Cien duritos

A finales de la década de los setenta, cuando apenas algunos teníamos dieciocho años, una generación de jóvenes entregados y aventureros emprendimos desde nuestra incipiente creatividad, la excitante experiencia de adentrarnos en el intrincado universo tímbrico de la música creativa de muy diferentes vertientes y procedencias que por aquel entonces nos llegaba a raudales de la mano de no pocos grupos y maestros de este tan noble arte y oficio. La tarea no era fácil, emular a aquellos deslumbrantes preceptores de la época, guardando las distancias y al mismo tiempo concretar e intentar salvar con creces la entrega. Voluntad y drogas no faltarían, pero lo conseguimos, fuimos unos privilegiados y disfrutamos con creces de aquellos días. Inmediatamente después, una legión de niños violentamente destetados, irrumpió con vehemencia en el panorama contra cultural de la década de los ochenta, inconsistente y sin referentes sólidos, la movida madrileña se desvaneció de forma espontánea por las alcantarillas, a pesar de que fuera un fenómeno sociológicamente sorprendente y que en vano, algunos críticos avezados, por no pecar de modernos, se empeñaran en sostener aquéllo con alabanzas infundadas.
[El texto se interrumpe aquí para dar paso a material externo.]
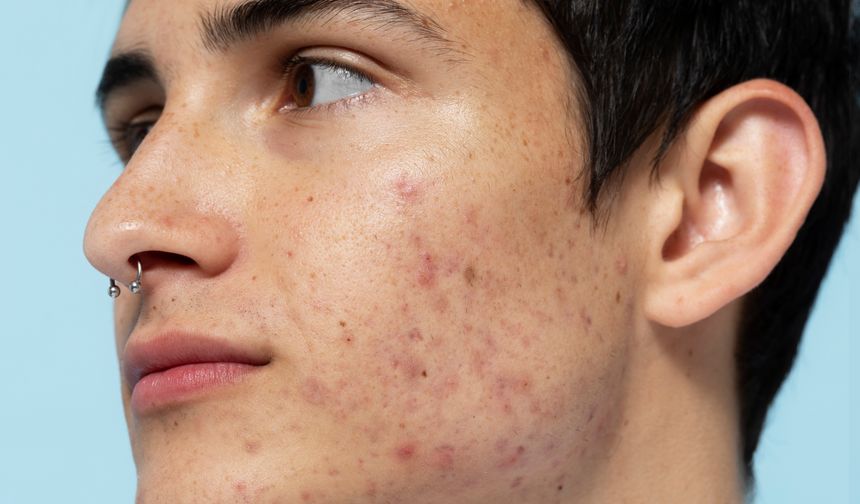 Akne Nedir? Neden Olur? Kalıcı Çözümler ve Akne Tedavisi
De aquellos cafés, sobrevive de forma sorprendente para propios y ajenos algún esperpento de polvera coloreado y dos pero no tres artistas con cierto talento. Los menos afortunados arrastran lamentablemente sus sombras por los bulevares. A día de hoy, pocos o muchos somos los que asistimos atónitos al abordaje, avalado por concursos con jurado casposo y convocatorias con premio, de estilos y formas musicales que carecen de cualquier atisbo de emoción. Se sobre actua de forma irritante, el estribillo facilón en forma de calorreo se hace imprescindible, es sobradamente aceptable cualquier baratija armónica, la dictadura que imponen la industria y ciertos medios es tórrida, y la música en términos comerciales a menudo se rinde en manos desaprensivas. Malos tiempos para la lírica y la empírica. Nos queda la memoria.